── EXTRACTED INFORMATION

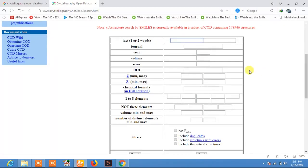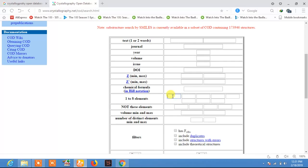The third method is searching by element. I will be searching for the TiC crystal structure by simply typing the elements present in the crystal. The elements present in the TiC crystal structure are titanium and carbon, so type Ti and then carbon.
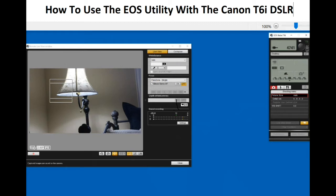To use the EOS Utility with the Canon T6i DSLR. This video shows how to use the utility to remotely control the T6i DSLR with a Windows computer.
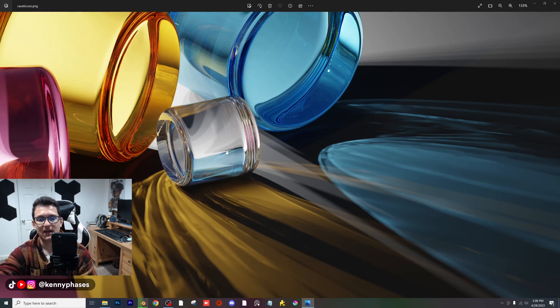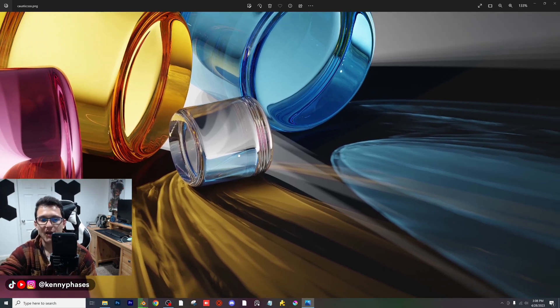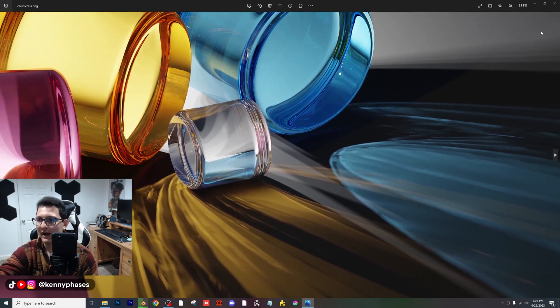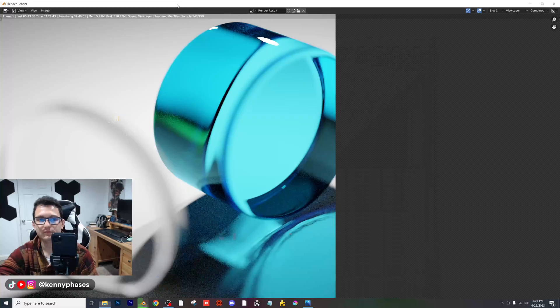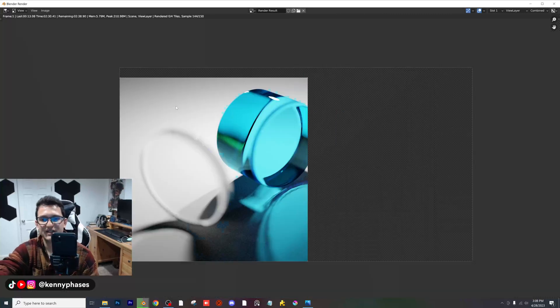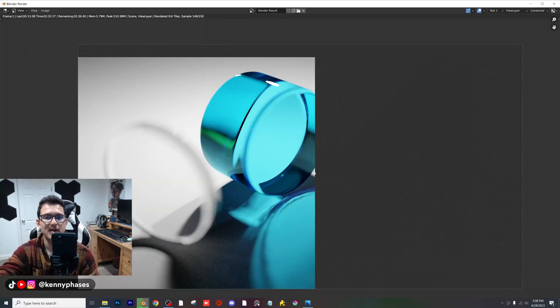But again, this took a while. Let's go back and check on our other render — it says it's going to take about another two minutes and 30 seconds.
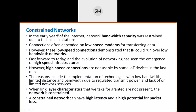In earlier days, internet network bandwidth was constrained due to technical limitations. Internet speed was low because of less bandwidth. Connections were dependent upon low-speed modems. These low-speed connections demonstrated that IP can be run over low-power, low-bandwidth networks — since early days we used IP even with low bandwidth.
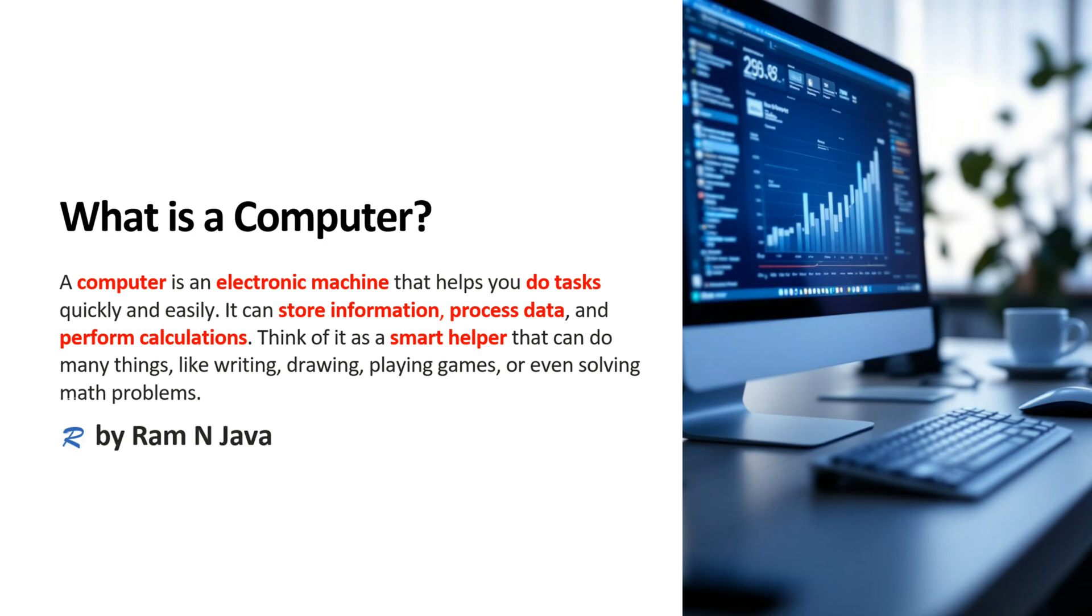This video tutorial I will explain what is a computer. Computer is an electronic machine that helps you to do the task quickly and easily. Computer can store information, process data and perform calculations.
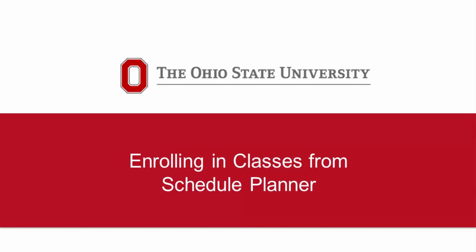This video will demonstrate how to enroll in your classes from Schedule Planner. If you need a refresher on how to use the Schedule Planner tool, please view the introductory video.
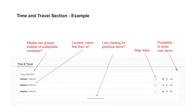As an alternative, Kai recommended using grouping. For example, all time and travel items for today could appear in a group with a group header, listed one after the other. Users can add additional items that automatically join today's group, and lazy loading can expand the list further. When navigating to the next work item, only today's entries would be shown by default, avoiding the need for collapsible containers entirely.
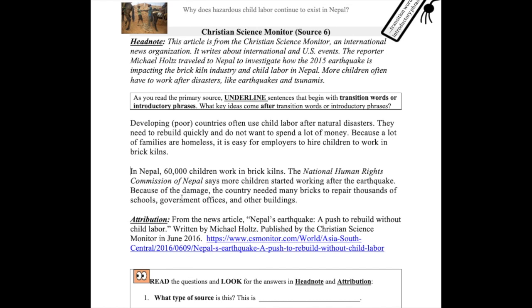Because of the damage, the country needed many bricks to repair thousands of schools, government offices, and other buildings.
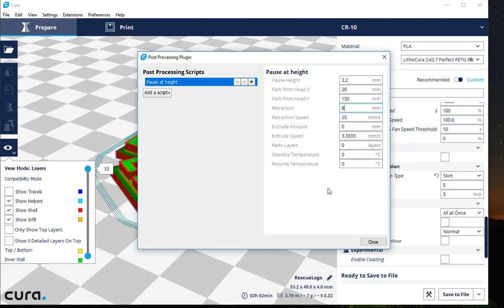And essentially here I'm good to go. If I left the rest of this at zeros and closed this and saved it to my SD card, I could go print, no problem. In fact, this is what I did in the last one.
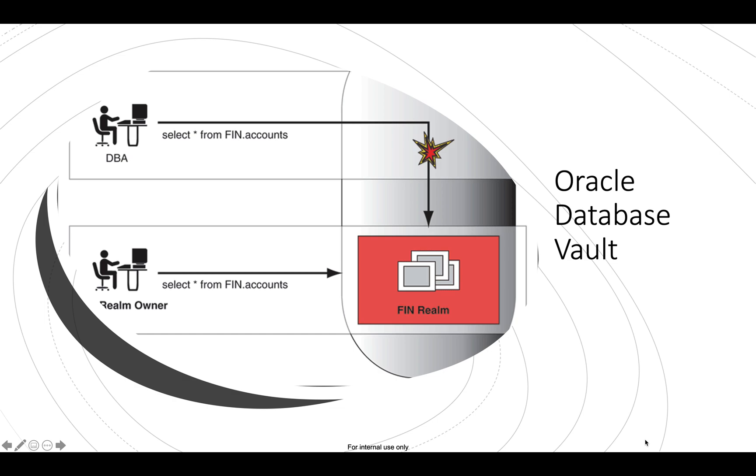Preventing unauthorized database changes and helps customers meet industry, regulatory, or corporate security standards.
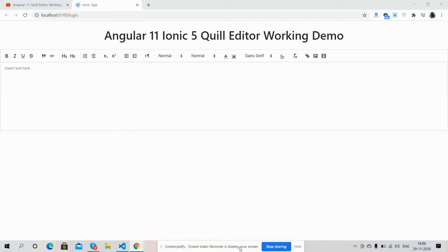Hello friends, how are you? Welcome back to my channel Rich Post, myself Ajay. Hope you are doing good. So friends, this working video I'm going to show you Angular 11 Ionic 5 Quill Editor working demo.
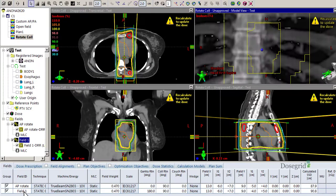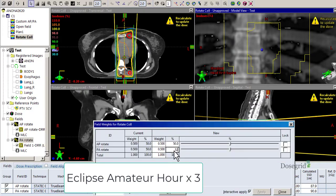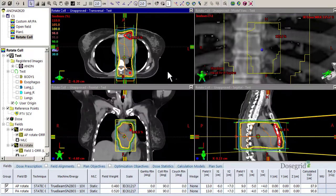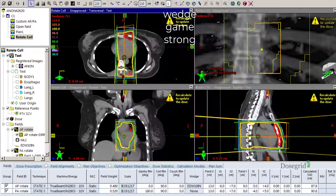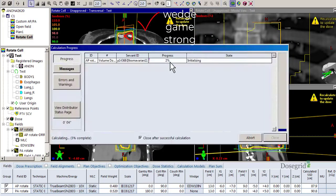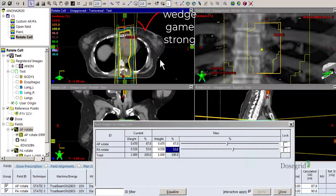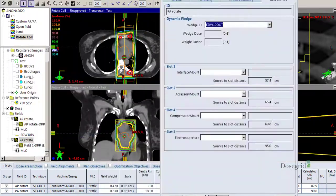Oppose the new fields rather than repeating for the PA, as long as the blocking was the same. Now you can wedge to your heart's content. And that's how to keep custom blocking after rotating the collimator.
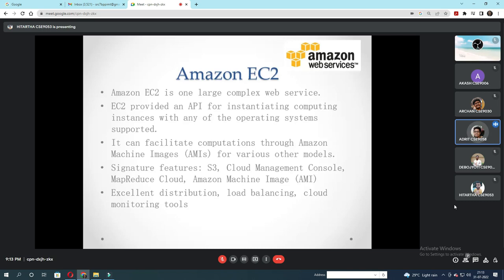Amazon EC2 is one large complex web service. Amazon Web Services, known as AWS, is basically a very profitable and one of the most important cloud services available right now. EC2 provides an API for instantiating computing instances with any of its supported operating systems and can facilitate computations through Amazon Machine Images. Signature features of Amazon EC2 include S3, cloud management console, MapReduce, Amazon Machine Image (AMI), load balancing and cloud monitoring tools.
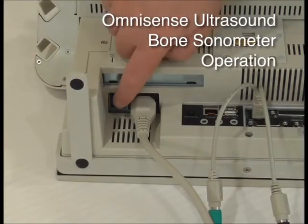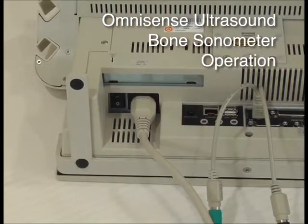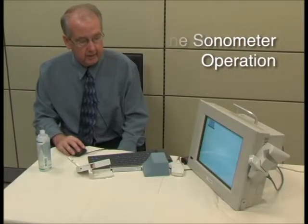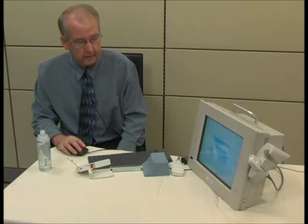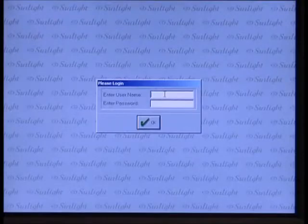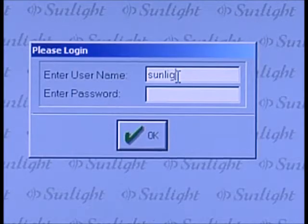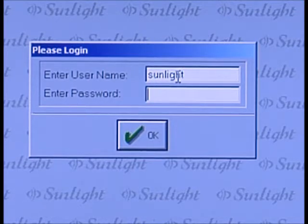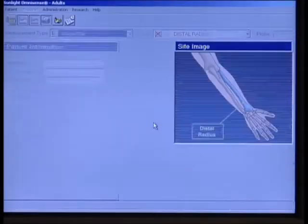We've powered on the unit from the on-off switch, which is at the back left of the unit, and this is the first screen we see. You'll see the OmniSense icon here. I'm going to click on that and we'll be taken to a login screen. The username from your user's manual is Sunlight — S-U-N-L-I-G-H-T — and the password is Omni — O-M-N-I. We'll click OK and we're taken right to the desktop.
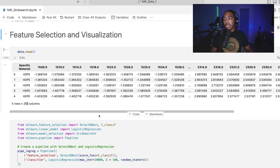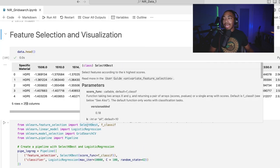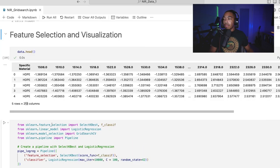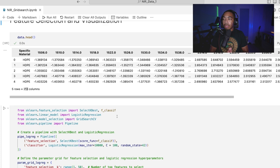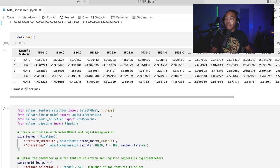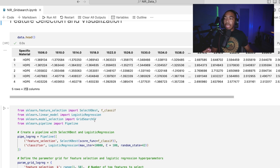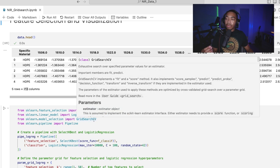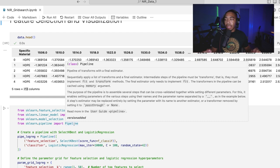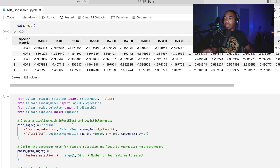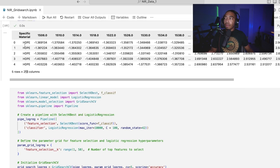Those techniques are going to be the F_classif and the SelectKBest from the feature selection module. Some of this other stuff we've demonstrated in previous videos where we're going to use a logistic regression classifier in combination with GridSearchCV to find the optimal set of parameters and a pipeline to allow us to chain those methods together to build a classification model for our various plastics.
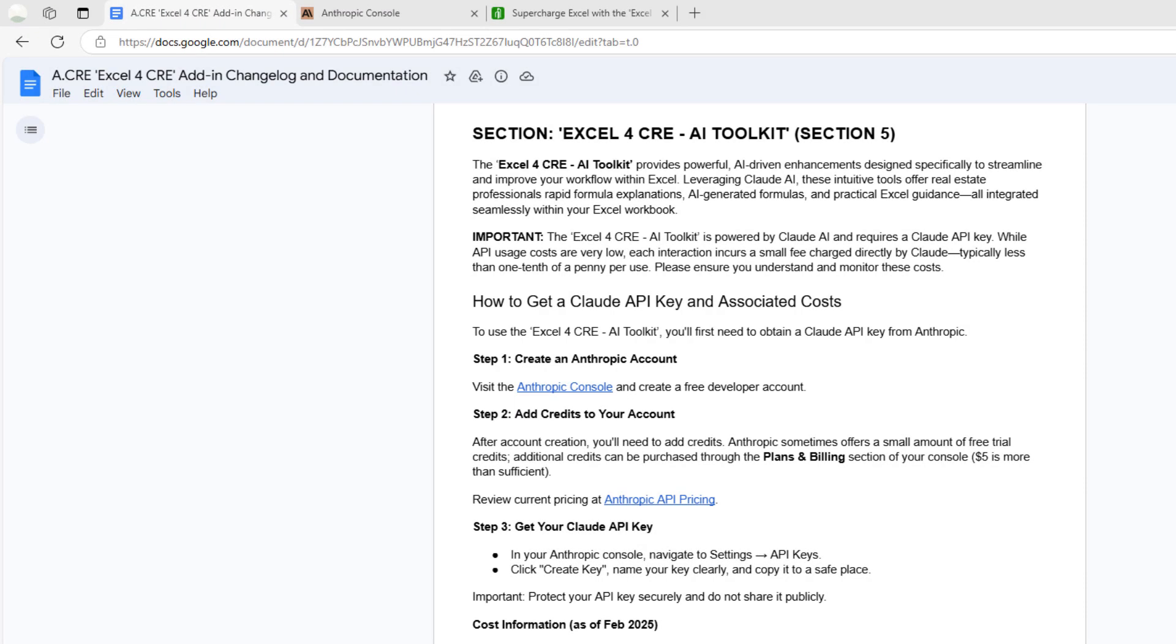Hey there, thanks for watching. I'm excited to share the latest feature set in our Excel for CRE add-in, our AI toolkit. This toolkit connects your Excel workbook with a large language model to help you explain formulas, write formulas, or understand Excel-related concepts or questions.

────

_WORK INSTRUCTION_.
Can you restate all the records above word for word while dropping the pictures?

_RESULT FOR THIS TASK_.
The third method is searching by element. I will be searching for the TiC crystal structure by simply typing the elements present in the crystal. The elements present in the TiC crystal structure are titanium and carbon, so type Ti and then carbon.
To use the EOS Utility with the Canon T6i DSLR. This video shows how to use the utility to remotely control the T6i DSLR with a Windows computer.
But again, this took a while. Let's go back and check on our other render — it says it's going to take about another two minutes and 30 seconds.
In earlier days, internet network bandwidth was constrained due to technical limitations. Internet speed was low because of less bandwidth. Connections were dependent upon low-speed modems. These low-speed connections demonstrated that IP can be run over low-power, low-bandwidth networks — since early days we used IP even with low bandwidth.
This video tutorial I will explain what is a computer. Computer is an electronic machine that helps you to do the task quickly and easily. Computer can store information, process data and perform calculations.
This video will demonstrate how to enroll in your classes from Schedule Planner. If you need a refresher on how to use the Schedule Planner tool, please view the introductory video.
As an alternative, Kai recommended using grouping. For example, all time and travel items for today could appear in a group with a group header, listed one after the other. Users can add additional items that automatically join today's group, and lazy loading can expand the list further. When navigating to the next work item, only today's entries would be shown by default, avoiding the need for collapsible containers entirely.
Because of the damage, the country needed many bricks to repair thousands of schools, government offices, and other buildings.
And essentially here I'm good to go. If I left the rest of this at zeros and closed this and saved it to my SD card, I could go print, no problem. In fact, this is what I did in the last one.
Preventing unauthorized database changes and helps customers meet industry, regulatory, or corporate security standards.
Hello friends, how are you? Welcome back to my channel Rich Post, myself Ajay. Hope you are doing good. So friends, this working video I'm going to show you Angular 11 Ionic 5 Quill Editor working demo.
Oppose the new fields rather than repeating for the PA, as long as the blocking was the same. Now you can wedge to your heart's content. And that's how to keep custom blocking after rotating the collimator.
Amazon EC2 is one large complex web service. Amazon Web Services, known as AWS, is basically a very profitable and one of the most important cloud services available right now. EC2 provides an API for instantiating computing instances with any of its supported operating systems and can facilitate computations through Amazon Machine Images. Signature features of Amazon EC2 include S3, cloud management console, MapReduce, Amazon Machine Image (AMI), load balancing and cloud monitoring tools.
We've powered on the unit from the on-off switch, which is at the back left of the unit, and this is the first screen we see. You'll see the OmniSense icon here. I'm going to click on that and we'll be taken to a login screen. The username from your user's manual is Sunlight — S-U-N-L-I-G-H-T — and the password is Omni — O-M-N-I. We'll click OK and we're taken right to the desktop.
Those techniques are going to be the F_classif and the SelectKBest from the feature selection module. Some of this other stuff we've demonstrated in previous videos where we're going to use a logistic regression classifier in combination with GridSearchCV to find the optimal set of parameters and a pipeline to allow us to chain those methods together to build a classification model for our various plastics.
Hey there, thanks for watching. I'm excited to share the latest feature set in our Excel for CRE add-in, our AI toolkit. This toolkit connects your Excel workbook with a large language model to help you explain formulas, write formulas, or understand Excel-related concepts or questions.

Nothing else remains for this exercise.